> [To do]: No pictures belong in the copy. Reproduce exactly the lines beginning at the line containing "Calvin Klein Jeans" and continuing to the end of the entries below.

***** Records for the exercise *****

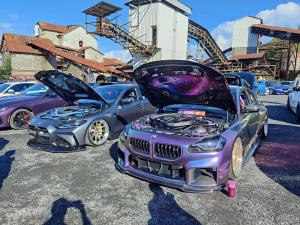 BMW Power Day Season End 2024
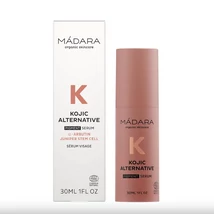 Mádara Kojisav-alternatív pigment szérum (30 ml)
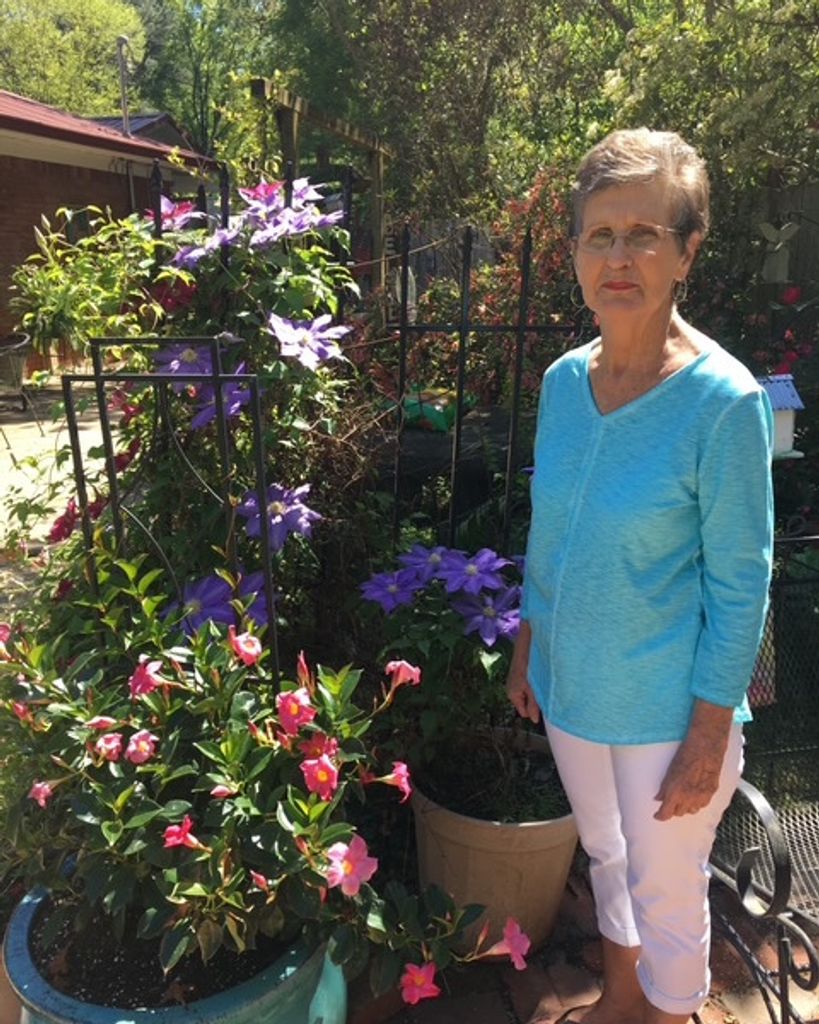 Agnes H. McCloud Profile Photo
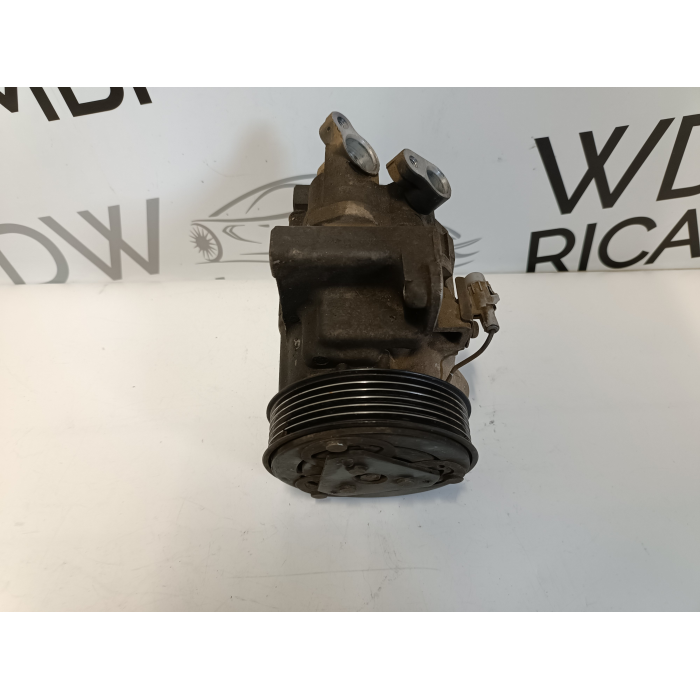 88310-0H010 COMPRESSORE ARIA CONDIZIONATA CLIMA A/C CITROEN C1 1.0 (2005\2012)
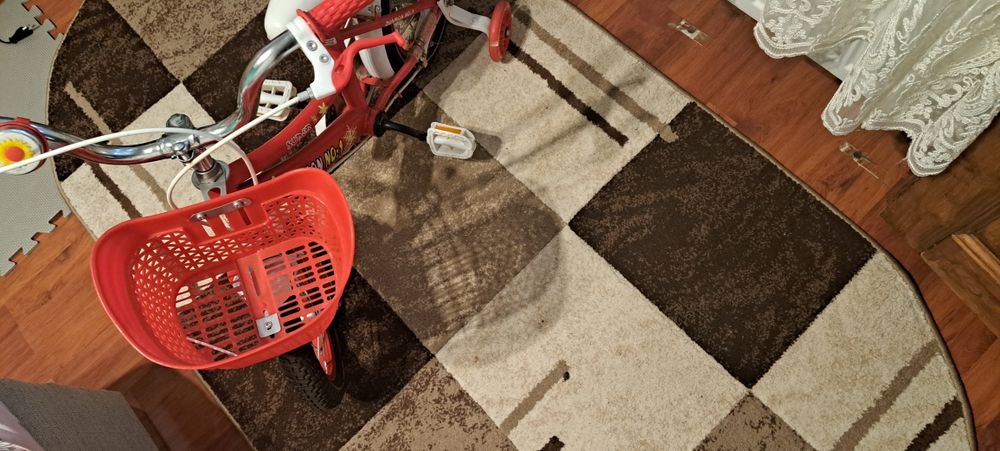 Vand bicicleta noua pentru copii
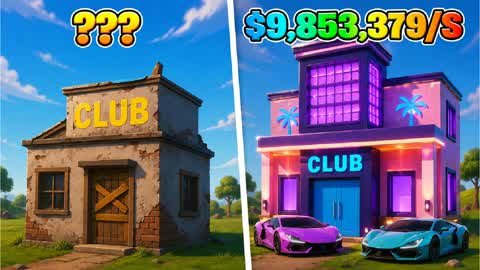 NIGHTCLUB TYCOON
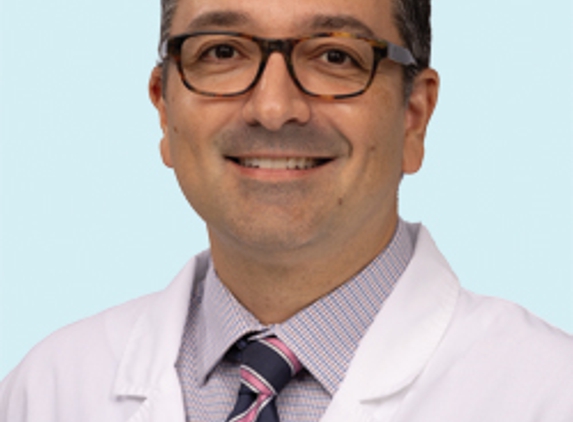 Rodrigo Pontes Pereira, MD - Oviedo, FL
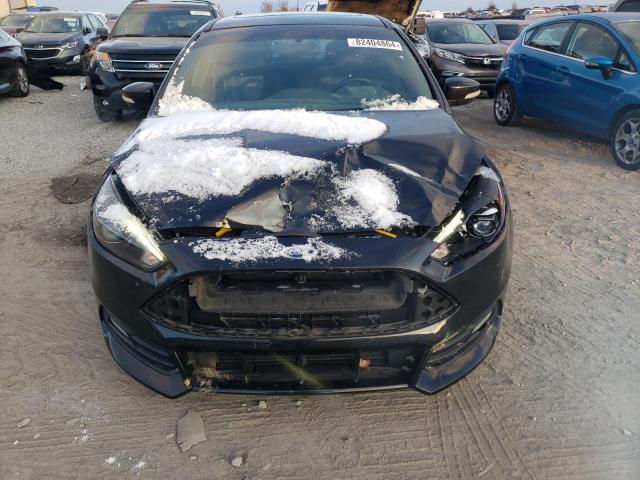 Photo 4 VIN: 1FADP3L97FL387250 - FORD FOCUS ST 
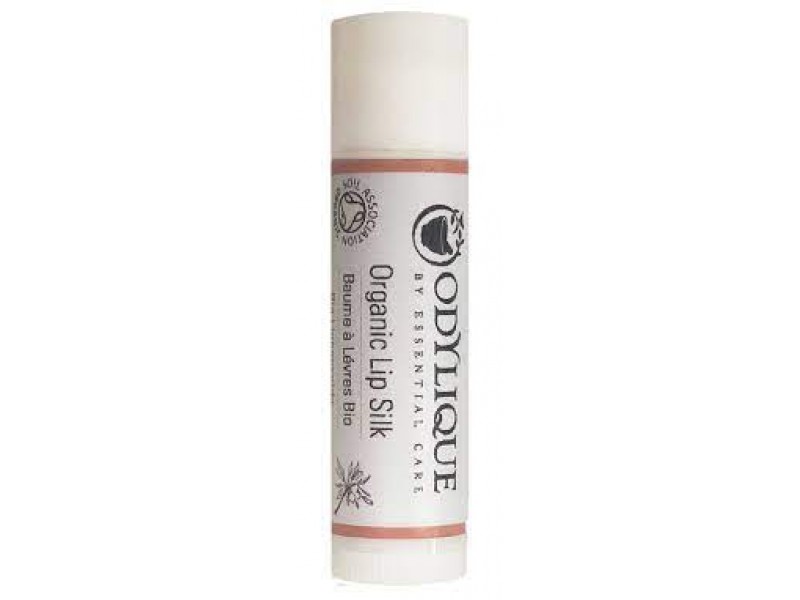 Organic Lip Silk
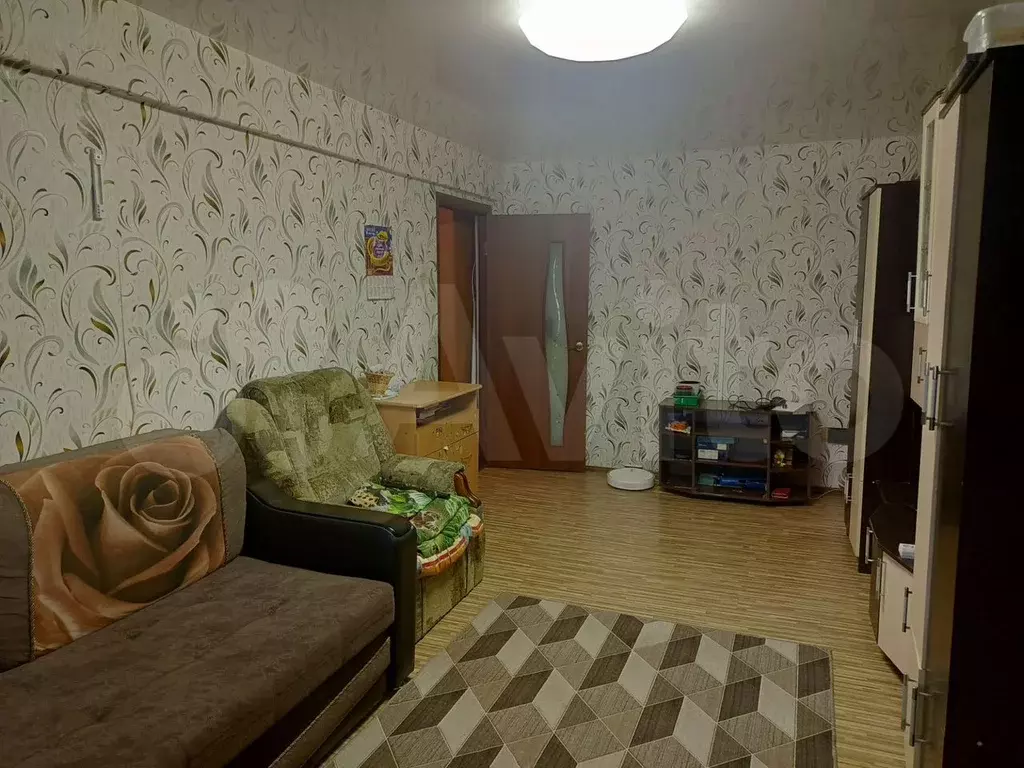 2-к. квартира, 45 м, 5/5 эт. - Фото 1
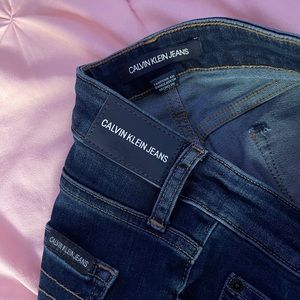 Calvin Klein Jeans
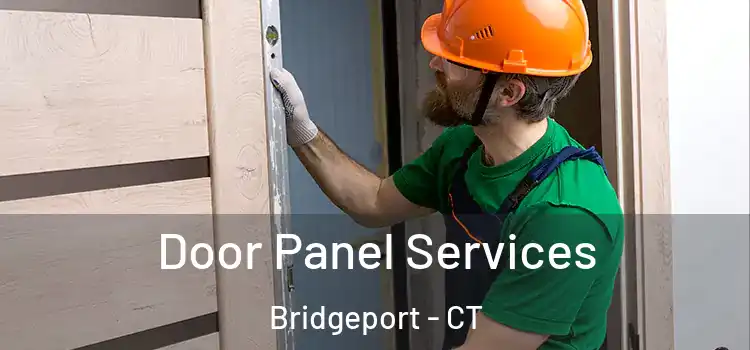  Door Panel Services Bridgeport - CT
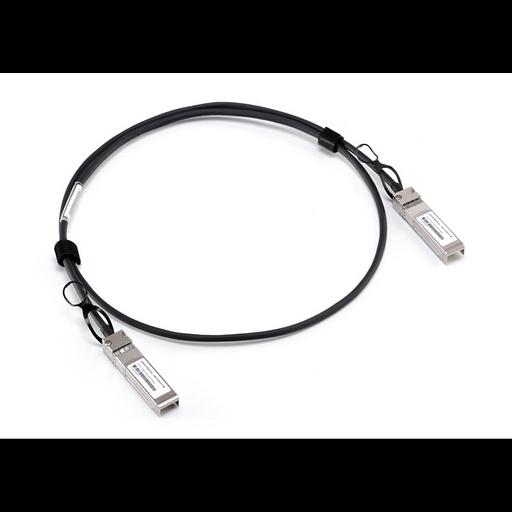 Кабель сетевой Huawei SFP-10G-CU1M фото 2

*****

> [Reply]:
 Calvin Klein Jeans
  Door Panel Services Bridgeport - CT
 Кабель сетевой Huawei SFP-10G-CU1M фото 2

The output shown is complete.